**The problem**
Will you transcribe all the entries word for word, skipping the pictures they hold?

** Opening Material provided block **

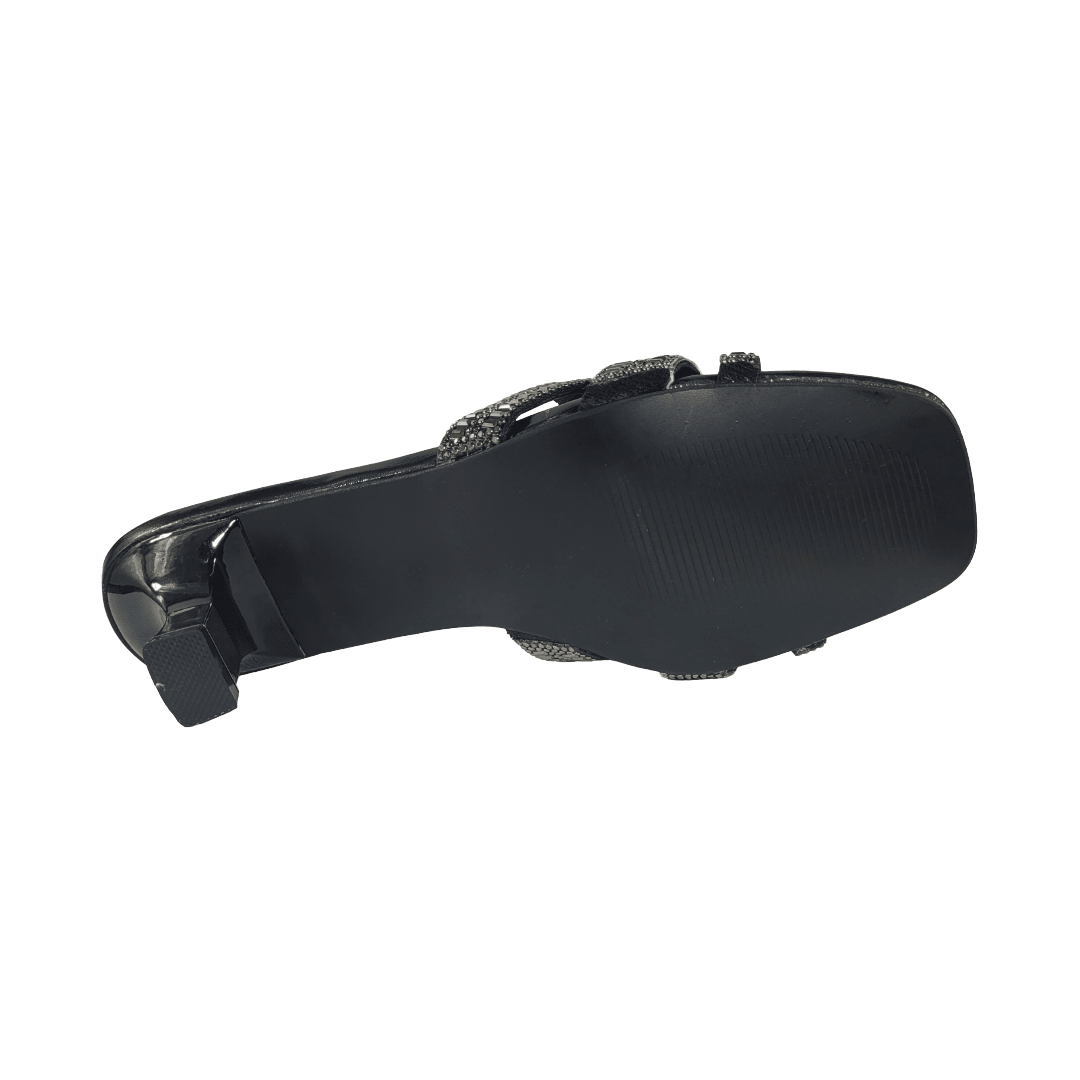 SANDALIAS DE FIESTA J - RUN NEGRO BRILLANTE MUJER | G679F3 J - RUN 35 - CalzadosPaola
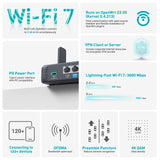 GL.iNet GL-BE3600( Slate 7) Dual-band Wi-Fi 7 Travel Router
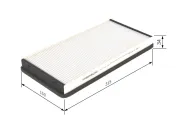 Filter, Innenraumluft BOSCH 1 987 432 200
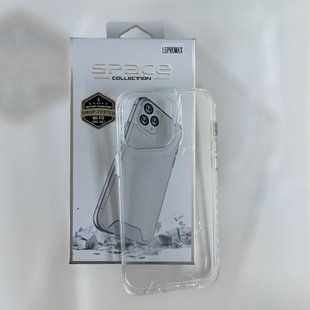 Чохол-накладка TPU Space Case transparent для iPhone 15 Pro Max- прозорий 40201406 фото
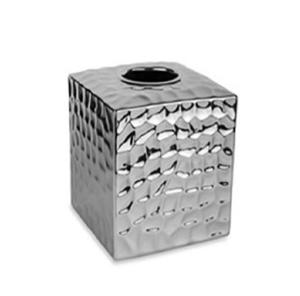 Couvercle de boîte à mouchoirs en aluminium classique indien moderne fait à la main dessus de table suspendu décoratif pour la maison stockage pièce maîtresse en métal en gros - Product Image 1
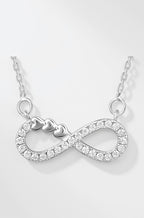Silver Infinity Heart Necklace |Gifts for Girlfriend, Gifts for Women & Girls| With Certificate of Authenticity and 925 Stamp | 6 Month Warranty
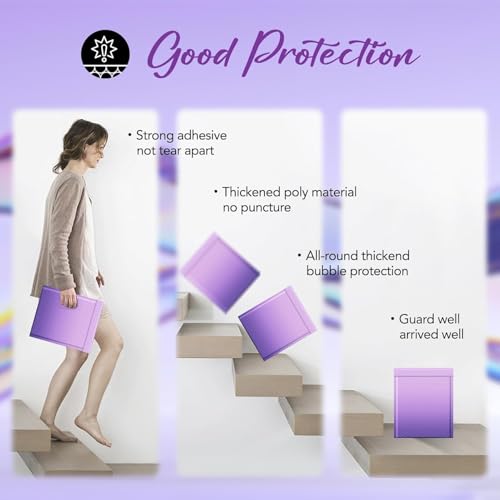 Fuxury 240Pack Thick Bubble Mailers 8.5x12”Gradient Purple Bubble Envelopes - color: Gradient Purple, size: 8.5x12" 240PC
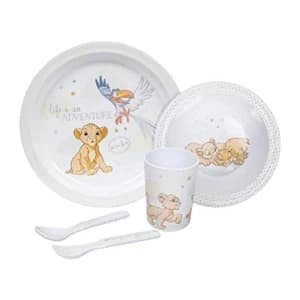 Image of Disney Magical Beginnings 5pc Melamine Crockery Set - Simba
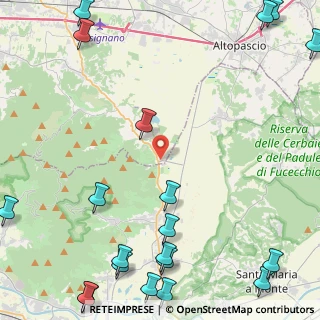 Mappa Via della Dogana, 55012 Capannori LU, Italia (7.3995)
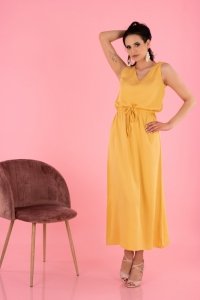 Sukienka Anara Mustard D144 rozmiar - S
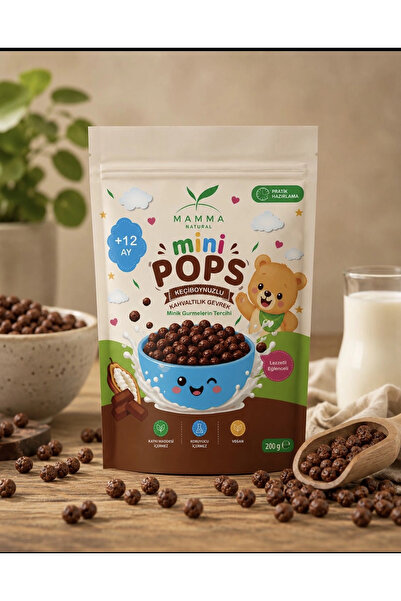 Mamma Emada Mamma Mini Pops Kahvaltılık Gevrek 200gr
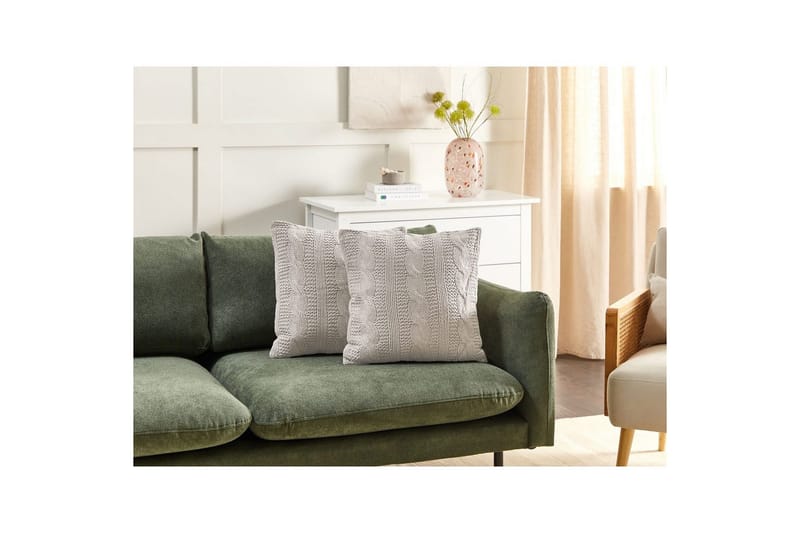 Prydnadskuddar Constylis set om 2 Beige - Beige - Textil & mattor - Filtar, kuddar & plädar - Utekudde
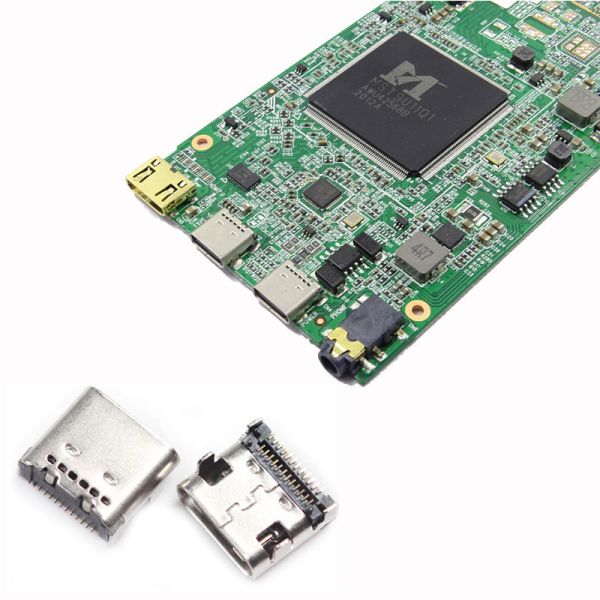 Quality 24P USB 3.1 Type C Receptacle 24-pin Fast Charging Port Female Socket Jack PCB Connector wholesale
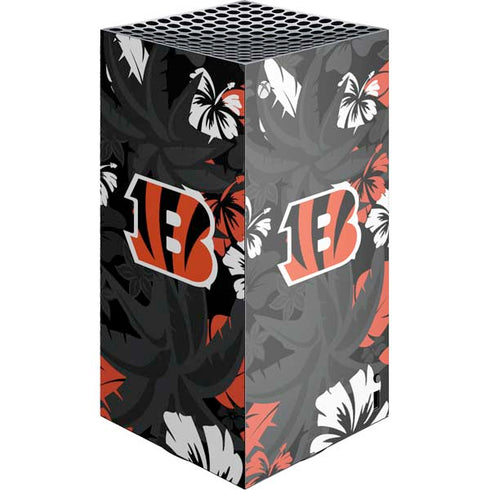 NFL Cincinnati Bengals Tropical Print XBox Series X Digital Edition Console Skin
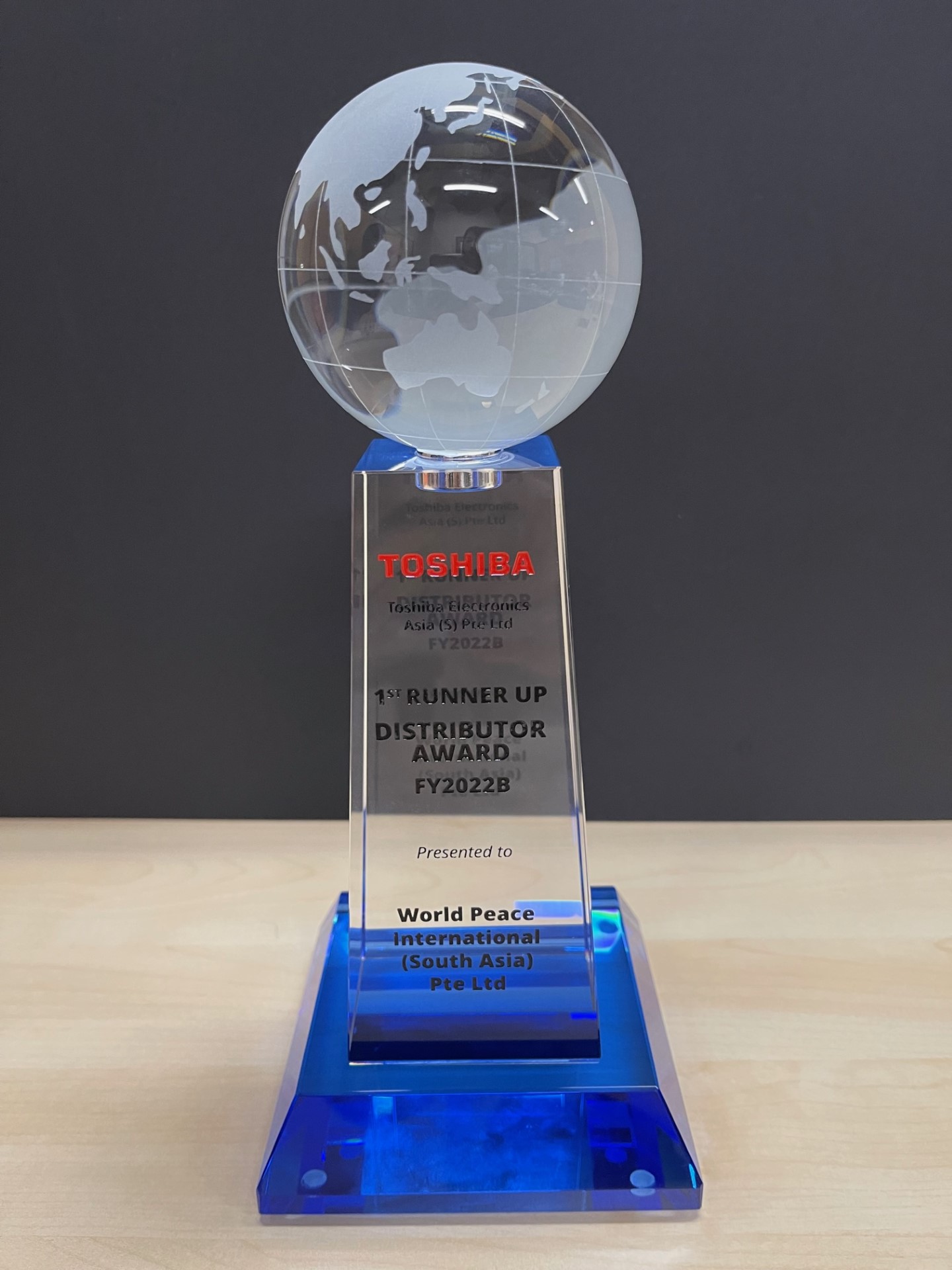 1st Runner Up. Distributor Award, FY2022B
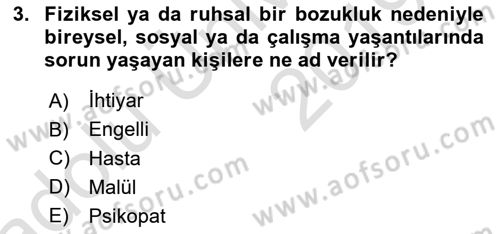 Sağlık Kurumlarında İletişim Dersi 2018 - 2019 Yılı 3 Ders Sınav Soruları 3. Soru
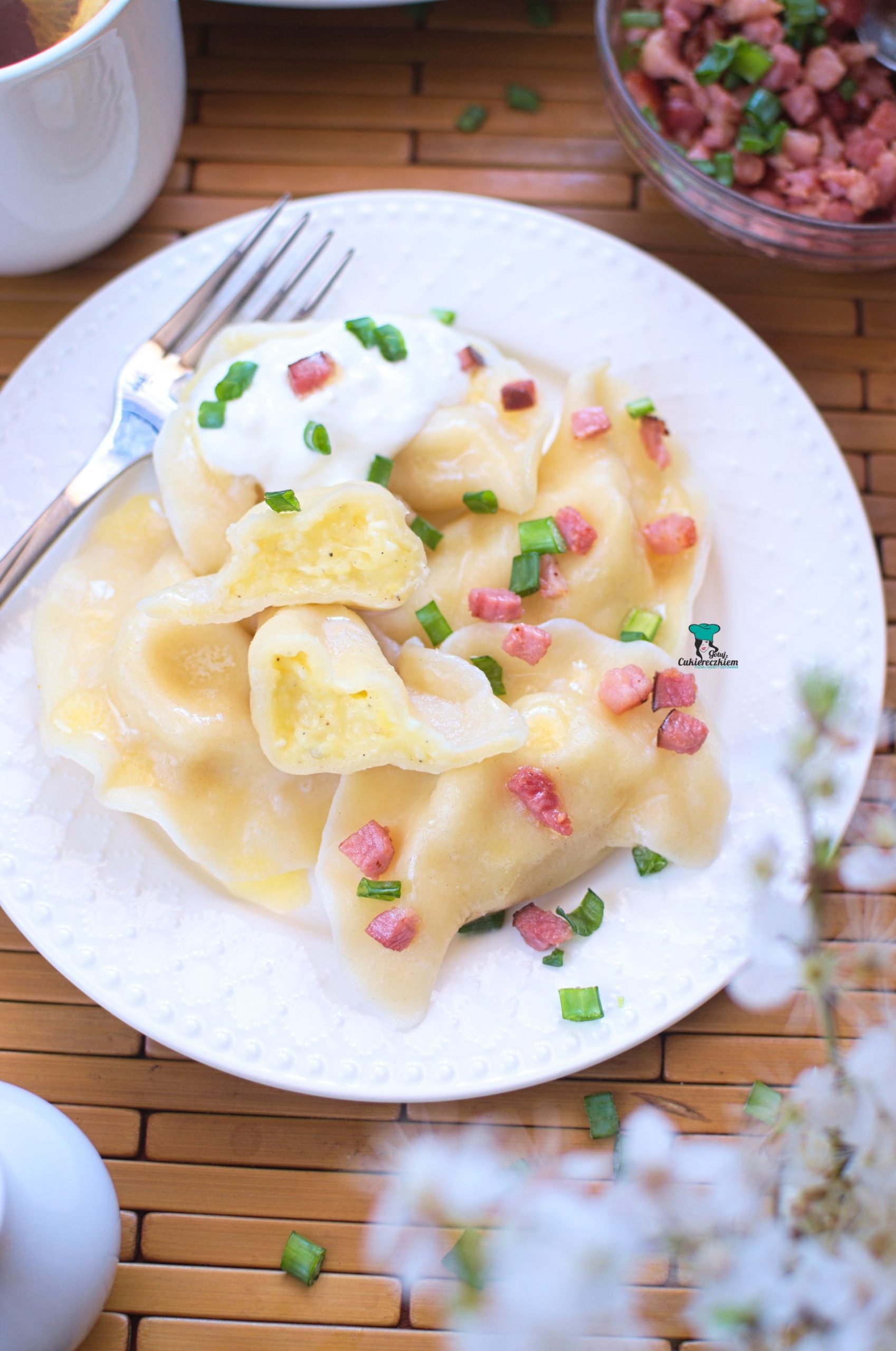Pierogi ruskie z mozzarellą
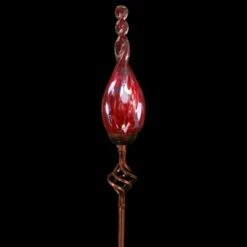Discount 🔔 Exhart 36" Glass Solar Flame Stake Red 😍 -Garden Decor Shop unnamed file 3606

** Closing Material provided block **

**Completed exercise**
 SANDALIAS DE FIESTA J - RUN NEGRO BRILLANTE MUJER | G679F3 J - RUN 35 - CalzadosPaola
 GL.iNet GL-BE3600( Slate 7) Dual-band Wi-Fi 7 Travel Router
 Filter, Innenraumluft BOSCH 1 987 432 200
 Чохол-накладка TPU Space Case transparent для iPhone 15 Pro Max- прозорий 40201406 фото
 Couvercle de boîte à mouchoirs en aluminium classique indien moderne fait à la main dessus de table suspendu décoratif pour la maison stockage pièce maîtresse en métal en gros - Product Image 1
Silver Infinity Heart Necklace |Gifts for Girlfriend, Gifts for Women & Girls| With Certificate of Authenticity and 925 Stamp | 6 Month Warranty
 Fuxury 240Pack Thick Bubble Mailers 8.5x12”Gradient Purple Bubble Envelopes - color: Gradient Purple, size: 8.5x12" 240PC
 Image of Disney Magical Beginnings 5pc Melamine Crockery Set - Simba
 Mappa Via della Dogana, 55012 Capannori LU, Italia (7.3995)
 Sukienka Anara Mustard D144 rozmiar - S
 Mamma Emada Mamma Mini Pops Kahvaltılık Gevrek 200gr
 Prydnadskuddar Constylis set om 2 Beige - Beige - Textil & mattor - Filtar, kuddar & plädar - Utekudde
 Quality 24P USB 3.1 Type C Receptacle 24-pin Fast Charging Port Female Socket Jack PCB Connector wholesale
 NFL Cincinnati Bengals Tropical Print XBox Series X Digital Edition Console Skin
 1st Runner Up. Distributor Award, FY2022B
 Sağlık Kurumlarında İletişim Dersi 2018 - 2019 Yılı 3 Ders Sınav Soruları 3. Soru
Pierogi ruskie z mozzarellą
Discount 🔔 Exhart 36" Glass Solar Flame Stake Red 😍 -Garden Decor Shop unnamed file 3606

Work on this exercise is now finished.